In the aftermath of 9/11, India spoke with pride about the complete non-involvement of its Muslims in either Osama bin Laden’s al Qaida or in the international Islamic brigade that propped up the taliban. After the Mumbai blasts that certitude has taken a battering. The whole of India, and not just Kashmir, it would seem, is now vulnerable to jihadi terrorism. Home ministry officials refer to organizations such as the Muslim Defence Force and Indian Muslim Mohammadi Mujahedeen that have created cells in southern India. These cells may soon become operational. There are additional fears that five Muslim organizations could become the nucleus of a very different insurgency in Assam.

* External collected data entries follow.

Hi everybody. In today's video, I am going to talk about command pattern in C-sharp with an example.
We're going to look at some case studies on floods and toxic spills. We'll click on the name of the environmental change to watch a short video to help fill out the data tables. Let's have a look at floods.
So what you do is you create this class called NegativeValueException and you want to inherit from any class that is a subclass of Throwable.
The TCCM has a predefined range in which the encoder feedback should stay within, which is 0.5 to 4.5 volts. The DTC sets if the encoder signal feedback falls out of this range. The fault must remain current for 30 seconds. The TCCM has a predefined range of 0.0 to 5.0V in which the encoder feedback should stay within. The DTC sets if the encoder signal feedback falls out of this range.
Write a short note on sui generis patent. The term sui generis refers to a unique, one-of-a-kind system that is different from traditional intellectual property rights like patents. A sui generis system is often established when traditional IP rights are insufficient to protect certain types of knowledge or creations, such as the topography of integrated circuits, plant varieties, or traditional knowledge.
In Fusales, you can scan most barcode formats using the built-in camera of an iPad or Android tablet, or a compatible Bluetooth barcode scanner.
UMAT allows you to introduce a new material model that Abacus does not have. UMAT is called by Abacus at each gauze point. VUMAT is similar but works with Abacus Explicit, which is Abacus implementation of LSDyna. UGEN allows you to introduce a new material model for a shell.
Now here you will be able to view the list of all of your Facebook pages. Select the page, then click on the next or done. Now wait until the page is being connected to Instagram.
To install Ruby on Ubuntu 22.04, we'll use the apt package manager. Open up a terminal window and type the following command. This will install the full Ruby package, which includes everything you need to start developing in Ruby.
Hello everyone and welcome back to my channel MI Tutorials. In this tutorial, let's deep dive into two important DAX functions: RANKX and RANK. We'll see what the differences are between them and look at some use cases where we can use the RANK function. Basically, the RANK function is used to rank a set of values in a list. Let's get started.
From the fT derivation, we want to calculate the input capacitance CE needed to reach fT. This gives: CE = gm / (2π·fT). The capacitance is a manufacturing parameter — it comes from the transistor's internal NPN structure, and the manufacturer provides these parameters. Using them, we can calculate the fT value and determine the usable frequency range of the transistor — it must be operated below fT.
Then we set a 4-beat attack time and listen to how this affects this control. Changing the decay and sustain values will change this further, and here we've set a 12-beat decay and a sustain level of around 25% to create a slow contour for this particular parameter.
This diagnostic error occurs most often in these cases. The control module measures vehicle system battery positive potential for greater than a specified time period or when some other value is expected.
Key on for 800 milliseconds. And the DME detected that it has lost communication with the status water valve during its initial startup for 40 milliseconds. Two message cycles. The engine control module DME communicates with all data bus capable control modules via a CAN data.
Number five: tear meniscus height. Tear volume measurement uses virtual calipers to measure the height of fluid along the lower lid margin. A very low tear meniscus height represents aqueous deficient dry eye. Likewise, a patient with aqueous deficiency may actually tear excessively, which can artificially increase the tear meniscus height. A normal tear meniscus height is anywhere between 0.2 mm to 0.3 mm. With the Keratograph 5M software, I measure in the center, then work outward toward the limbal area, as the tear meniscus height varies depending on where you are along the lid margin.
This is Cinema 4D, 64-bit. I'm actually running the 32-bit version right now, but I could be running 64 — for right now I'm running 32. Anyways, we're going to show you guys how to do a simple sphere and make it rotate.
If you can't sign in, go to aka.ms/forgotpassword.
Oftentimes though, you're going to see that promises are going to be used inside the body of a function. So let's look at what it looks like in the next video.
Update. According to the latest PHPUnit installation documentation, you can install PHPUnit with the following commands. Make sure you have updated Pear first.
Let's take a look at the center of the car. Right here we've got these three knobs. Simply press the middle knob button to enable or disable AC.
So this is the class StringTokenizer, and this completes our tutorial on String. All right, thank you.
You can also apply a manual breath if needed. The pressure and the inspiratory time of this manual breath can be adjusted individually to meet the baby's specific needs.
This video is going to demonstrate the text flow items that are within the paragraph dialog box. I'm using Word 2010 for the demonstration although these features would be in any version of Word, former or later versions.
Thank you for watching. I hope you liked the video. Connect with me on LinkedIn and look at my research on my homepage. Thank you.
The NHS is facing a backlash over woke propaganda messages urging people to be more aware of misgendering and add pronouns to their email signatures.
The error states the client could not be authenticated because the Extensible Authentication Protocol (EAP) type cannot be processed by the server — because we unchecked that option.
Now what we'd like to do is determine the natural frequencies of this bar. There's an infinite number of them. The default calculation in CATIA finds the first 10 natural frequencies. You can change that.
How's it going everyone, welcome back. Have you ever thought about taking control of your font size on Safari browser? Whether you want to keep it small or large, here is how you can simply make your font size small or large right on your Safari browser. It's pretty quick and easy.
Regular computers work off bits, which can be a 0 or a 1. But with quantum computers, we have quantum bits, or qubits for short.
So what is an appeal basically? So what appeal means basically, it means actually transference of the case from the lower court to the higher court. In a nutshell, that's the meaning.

The mushrooming of madrasahs, particularly in border areas, adds to the concern. Even the West Bengal government is alarmed by what is being taught to impressionable minds. There are reports of at least 300 Indian Muslims, with a disproportionate number from Hyderabad, who have received training in jihad in Pakistan. Fuelling their millenarian intolerance of unbelievers are itinerant preachers from countries ranging from Indonesia to Sudan. Four months ago, the Gujarat authorities estimated that 107 foreign Islamic preachers, 50 of them from Indonesia, were in the state simultaneously.
The Mumbai blasts of the past year have alerted India to a new threat. Recognizing its true nature is disconcerting because it violates cherished secular principles. But pretending the danger does not exist or conveniently pinning the entire blame on Pakistan and other unnamed “outsiders” is unacceptable. Participating in the international coalition against terror has been a foreign policy issue so far. Now, it is also a domestic imperative. India always had a minuscule fifth column that was emotionally at odds with its nationhood. Now, it has acquired the technology to wage war.